GB2444539A

GB2444539A - Altering text attributes in a text-to-speech converter to change the output speech characteristics

Info

Publication number: GB2444539A
Application number: GB0624474A
Authority: GB
Inventors: Matthew Peter Aylett; Christopher John Piddock
Original assignee: Cereproc Ltd
Current assignee: Cereproc Ltd
Priority date: 2006-12-07
Filing date: 2006-12-07
Publication date: 2008-06-11
Also published as: GB0624474D0; US20080140407A1

Abstract

Allowing users to modify and improve the output of a text to speech synthesis system with the use of a graphical user interface where font, colour and position are used to represent the requested acoustic features. For example, increasing the font height increases the speech amplitude, spacing letters closer together increases the speech output rate or different colour speech is indicative of different emotions to be used. This allows manipulation of the text to achieve the desired output speech characteristics without having to use special studio techniques. The user can use an iterative process to further refine the speech output.

Description

L ription

Field of invention

This invention relates to a method for allowing novices to produce high quality audio using text to speech synthesis.

Summary of invention

Recordings of short sections of speech are used by many devices. For example an answer phone may require a short section of speech to welcome the caller, another perhaps to say a caller is away at a meeting and when they will be back. The amount of prompts required for a device varies from a few, in a device such as an answer phone, to hundreds in a call centre application to possibly thousands in an interactive computer game.

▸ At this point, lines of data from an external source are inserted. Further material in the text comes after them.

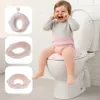 Nakładka na sedes wc dla dzieci antypoślizgowa deska na Podgląd zdjęcia produktu 12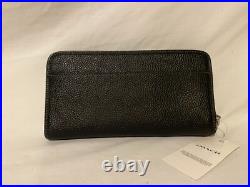 Disney X Zip Wallet By COACH Walt Disney World Disney X Zip Wallet By COACH Walt Disney World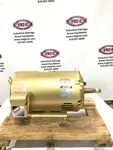 Baldor EJMM251ST Super Efficient Industrial Motor 20HP 3PH. Fixed Price $799.99.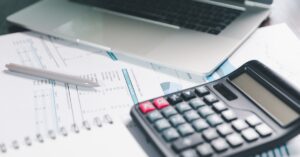 create bank statements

Recording good quality prompts is expensive and often impossible for small enterprises or individuals who cannot afford a recording studio and pay an experienced voiceover artist.

A speech synthesis system can be used to create prompts but often the way a sentence is produced may not match the users requirements. In a recording studio environment the voiceover can be instructed to produce the prompt differently. For synthetic speech, techniques do exist to modify the way the speech is produced but they are complex and require an experienced engineer or phonetician to set the input parameters to the algorithms.

To overcome this, the present invention proposes the use of a typographic editor and a pallet of sound tools. These allow the complex control of synthesis required to produce prompts to be carried out by a user who has no technical background in speech synthesis and speech technology. We use the term "synthesised cue editor" for this invention within this document.

By using an intuitive mapping between changes in typography and changes in the rendition of speech synthesis a user does not need to learn a complex language to control the changes required in the synthesis.

Preferably the system will relate font height to amplitude, font length to speech rate, and height on the page to pitch.

Preferably the words can be rotated upwards to indicate rising pitch, downwards to indicate falling pitch.

Preferably font colour will be used to mark how strongly a user has a preference for a specific change.

Preferably a small graphic symbol such as a cross or skull and crossbones can be placed on a word to demand a completely different rendition from the one previously produced by the speech synthesis system.

Preferably a small graphic symbol such as an anchor or padlock can be placed on a word to prevent the speech synthesis system altering the rendition for that word when other changes are made.

Preferably these typographic alterations can be translated into an industry standard XML control language (such as SSML) in order to interface with a speech synthesis system, or when the industry standard control language cannot produce appropriate commands, bespoke XML control commands for specific speech synthesis system can be generated. However any markup which connects commands to the text could be used. For the purposes of this description we will use XML as an example of a markup used by the method.

Brief description of the drawings

An example of the invention will now be described by referring to the accompanying drawing: Figure 1 shows the process of integrating manual intervention with automatic speech synthesis.

Figure 2 shows an example of before 1 and after 2 using the synthesised cue editor to modify a synthesised utterance.

Figure 3 shows how the user expressed preference for different renditions of synthesis using the synthesised cue editor.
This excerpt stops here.